Contrariamente ai precedenti lavori egli è tornato a quello che ( normalmente ) s’intendeva per fotografia: captare “l’attimo”. Che uno specialista dopo essersi avventurato nella ricognizione di modelli contemporanei, riscopra il richiamo e la suggestione del linguaggio originario, recuperi il piacere del bianco e nero per “narrare” figurazioni cariche di enigma e di pathos come quelle del balletto può sorprendere non più di tanto conoscendo la sensibilità con cui Pino Secchi si è sempre mosso sin dai tempi delle prime uscite pubbliche da Giovanni Bellinzoni al “Gelso”.
Nelle ultime immagini egli prova a ricavare indicazioni di genere letterario da un altro linguaggio artistico – il ballo, appunto- cementandosi nella rapidità dello scatto sino a sedurre passando dalla prima alla terza persona, conferendo altri sentimenti e racconti. Per farlo se ne è andato a Cuba a ritrovare nuovamente la forza e la febbrile autorità del momento – dell’istante, del tempo, del batter d’occhio – dove ha ritrovato insieme il gusto per il bianco e nero, l’invenzione della narrazione.
In una serie di istantanee   include e associa immagini con appassionata agilità e un temperamento orientato a dare senso e interpretazione al proprio modo di vedere. Vale a dire quel che diceva Susan Sontag: “La fotografia è, innanzitutto, un modo di vedere. Non di farlo”.
Nel servizio Secchi raccoglie “frammenti”. Accumula barlumi. Non ferma novità, ma l’indomita autonomia del dettaglio.
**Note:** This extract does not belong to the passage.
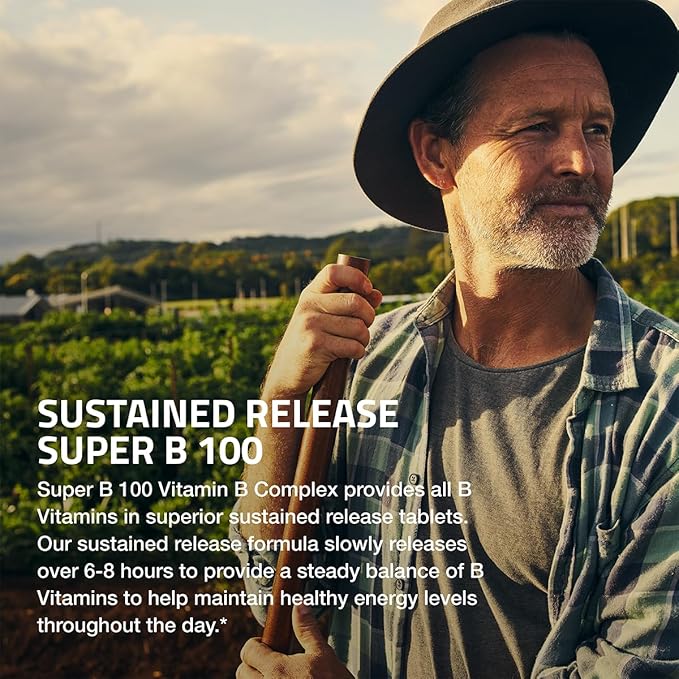 Bronson Super B 100 Vitamin B Complex Sustained Release Contains All B Vitamins (Vitamin B1, B2, B3, B6, B9 - Folic Acid, B12) Supports Energy Metabolism & Nervous System Health, Non-GMO, 250 Tablets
Niente di provocatorio o di trasgressivo, nelle immagini c’è l’istante fermato, ovvero quel qualcosa che tende ad ampliare il mondo del ballo, a registrarne le forme, ma anche l’ apparenza, il confine dal reale. E’ un modo di vedere, che consiste di vedere per framment, che trovano il momento unificatore nella luce dei bianchi e nello scuro del nero, nella loro incisività profonda su ciò che siamo abituati a cercare nella fotografia.
In un momento in cui essere contemporanei vuole dire essenzialmente essere omogeneizzati, standardizzati Secchi, ritornando al b/n rompe con certa comunicazione di massa, di intrattenimento standardizzato.
Magari, in tutti gli scatti non è convincente, ma che da tale scelta si possa ricavare un diverso piacere e una qualche illuminazione è innegabile.